Hal ini tentu membuat kita sering terperangkap dalam jebakan yang sudah didesain di dunia maya oleh sebagian mereka yang banyak berkontribusi pada produk hoax. Bukan hanya di kalangan masyarakat biasa yang banyak terperangkap dalam jebakan tersebut termasuk juga sebagian kalangan akademisi. Kita  sudah susah membedakan mana berita yang benar dan berita yang tidak benar, saking banyaknya dan tersistematisnya gerakan-gerakan pembuat dan penyebar hoax di media sosial.

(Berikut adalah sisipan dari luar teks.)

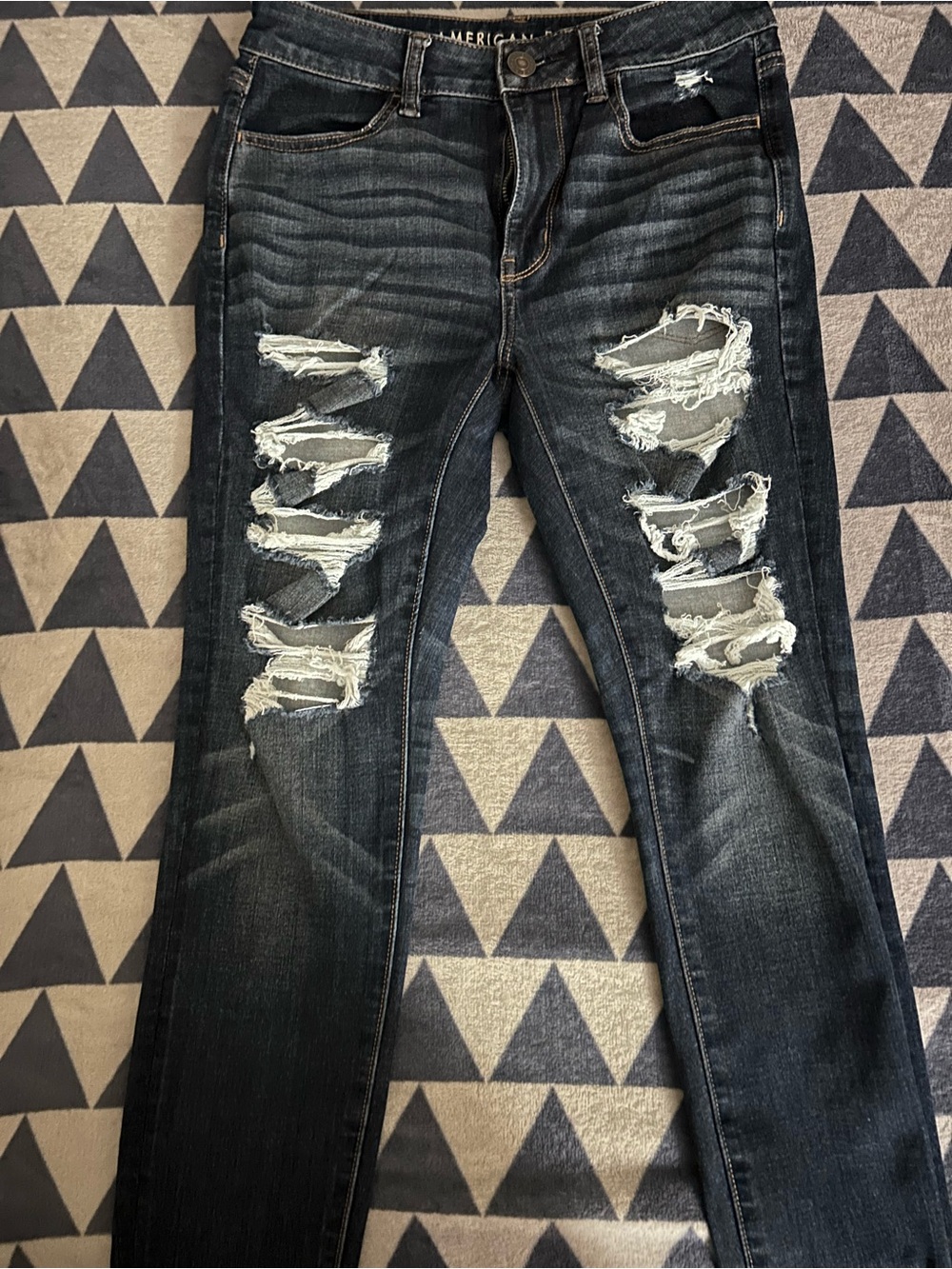 American Eagle Distressed Hi-Rise Jegging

Bijaksana dalam Membaca Berita

Banyak contoh kasus yang terjadi seperti adanya broadcast pesan dengan dalih masuk surga, kalau tidak disebarkan maka akan masuk neraka, atau pesan berhadiah jutaan rupiah, ‘mama minta pulsa’ dan lain sebagainya. Fenomena ini pada tingkatan tertentu sudah banyak tersebar dan banyak memakan korban. Sehingga akan sangat berbahaya ketika kita sembarangan percaya pada tulisan ataupun berita yang tidak jelas sumbernya. Yang kemudian ketika dishare maka akan mengubah mindset dari si pembaca, dan tidak menutup kemungkinan akan sembarangan dalam berfatwa dan menuduh orang, entah itu saudara, kawan, keluarga bahkan orang tua. Jangan sampai kita terpengaruh dengan berita-berita yang membuat kita terprovokasi dan melakukan aksi di luar etika dan berperilaku yang tidak semestinya.

Intinya harus hati-hati dalam menggunakan media sosial. Konkretnya bahwa ada aturan, etika dan batasan tertentu yang harus kita perhatikan. Agar supaya kita tidak menambah keresahan di masyarakat dalam menerima informasi yang mungkin bisa berkategori fatal kalau dikonsumsi. Jadilah pengguna Medsos yang bijak dan tidak mengikuti kemauan nafsu dalam bermedsos. Bijaklah dalam membaca berita!

*Penulis: Ersandi Paputungan, Aksarawan KOSAKATA (Komunitas Aksara Totabuan). Salah satu penggiat literasi dari FORMASI-BOLTIM (Forum Pelajar Mahasiswa Indonesia Bolaang Mongondow Timur).